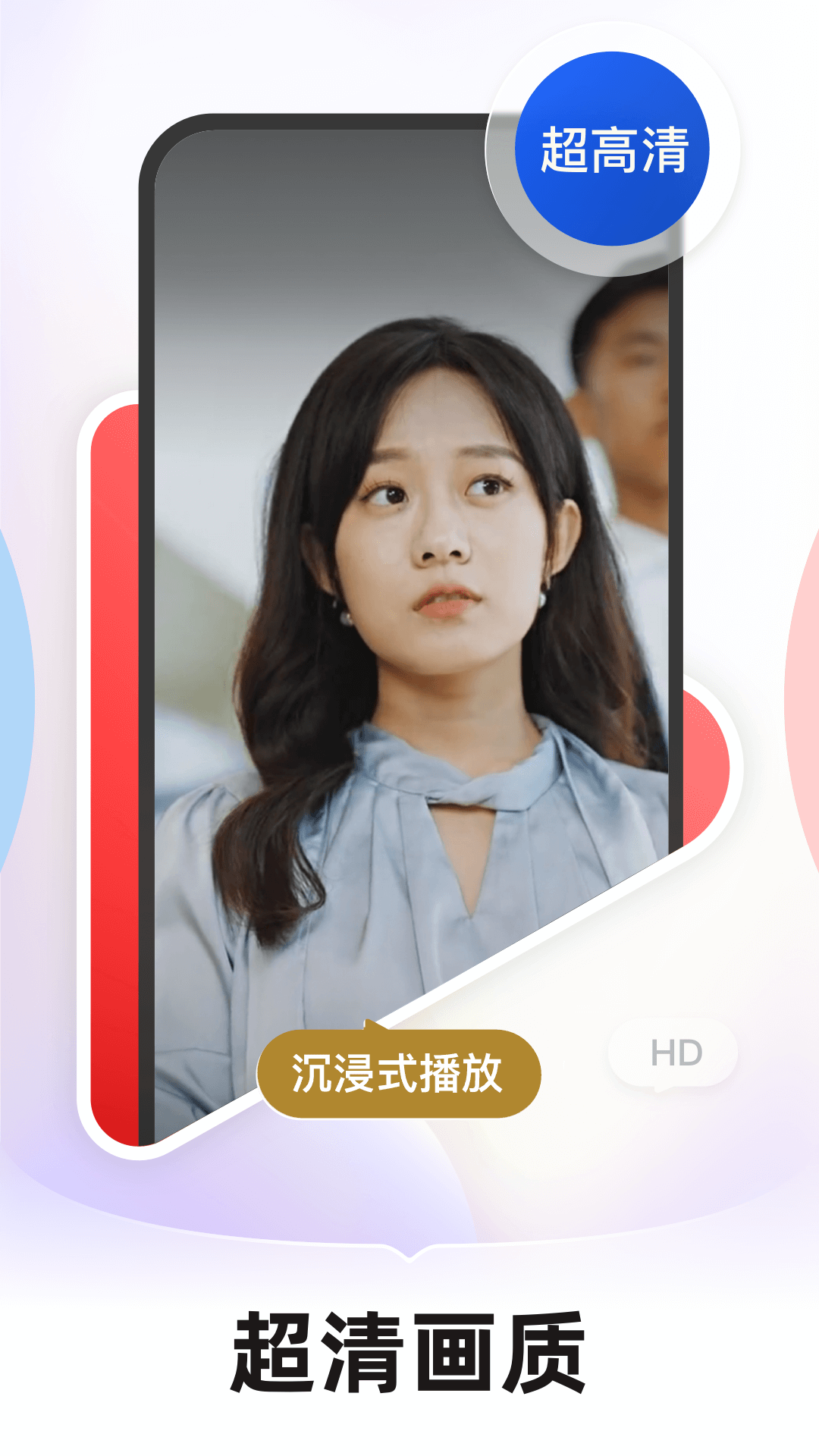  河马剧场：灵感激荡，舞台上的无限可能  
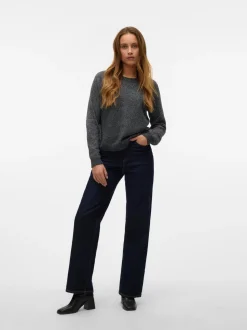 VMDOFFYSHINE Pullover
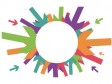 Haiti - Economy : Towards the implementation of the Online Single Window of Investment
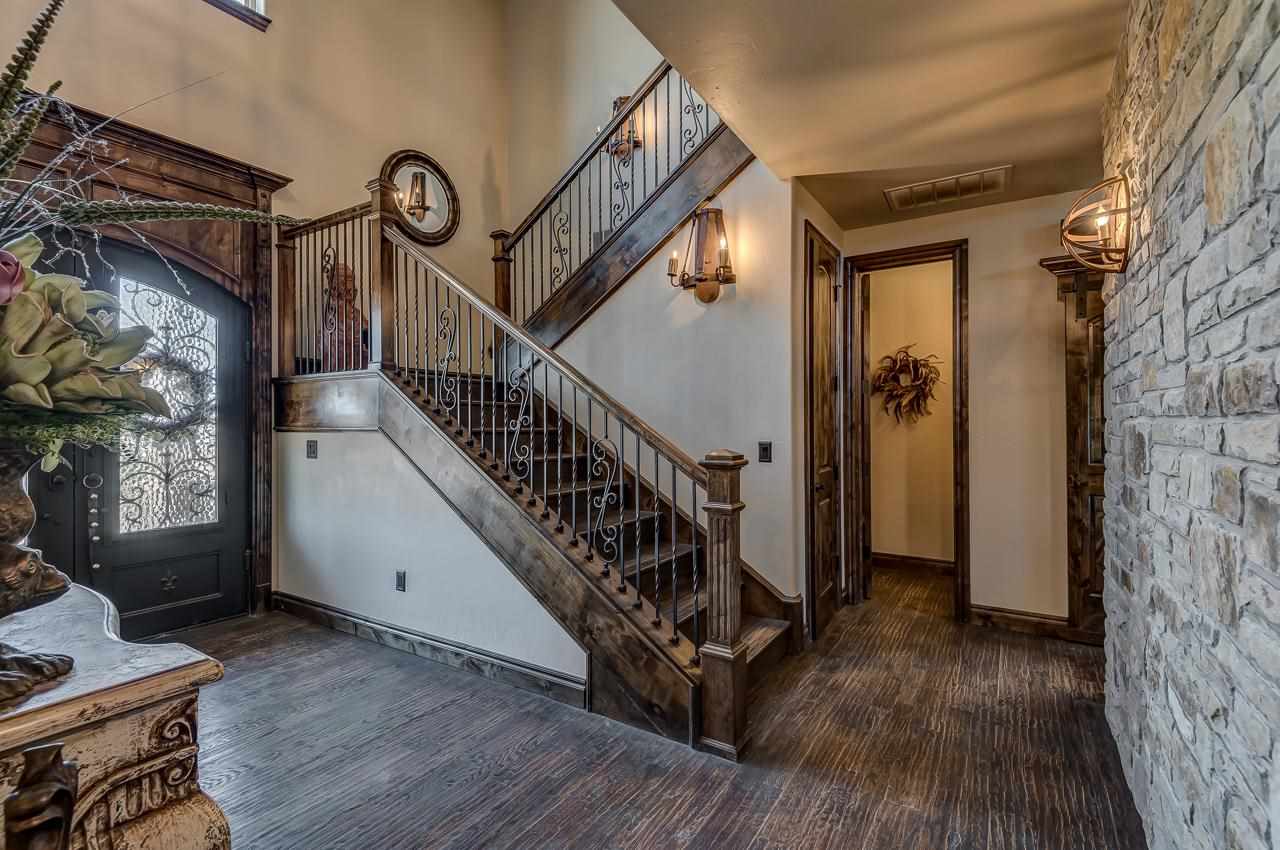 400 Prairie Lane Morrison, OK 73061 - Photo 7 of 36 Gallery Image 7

...

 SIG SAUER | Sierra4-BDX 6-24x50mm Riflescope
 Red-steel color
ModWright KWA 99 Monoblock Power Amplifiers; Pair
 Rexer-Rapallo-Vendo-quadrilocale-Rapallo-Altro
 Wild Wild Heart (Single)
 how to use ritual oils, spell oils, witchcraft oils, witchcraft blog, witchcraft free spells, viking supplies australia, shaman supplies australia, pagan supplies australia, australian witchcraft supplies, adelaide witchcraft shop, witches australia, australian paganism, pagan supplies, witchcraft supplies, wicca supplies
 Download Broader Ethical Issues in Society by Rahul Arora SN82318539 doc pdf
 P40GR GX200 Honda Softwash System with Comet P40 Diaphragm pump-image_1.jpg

■ **Task**
Within the listing above, write out the stretch from the line with "河马剧场：灵感激荡，舞台上的无限可能" through the line with "400 Prairie Lane" exactly. Any pictures are to be left out.

■ **Your response**
  河马剧场：灵感激荡，舞台上的无限可能  
 VMDOFFYSHINE Pullover
 Haiti - Economy : Towards the implementation of the Online Single Window of Investment
 400 Prairie Lane Morrison, OK 73061 - Photo 7 of 36 Gallery Image 7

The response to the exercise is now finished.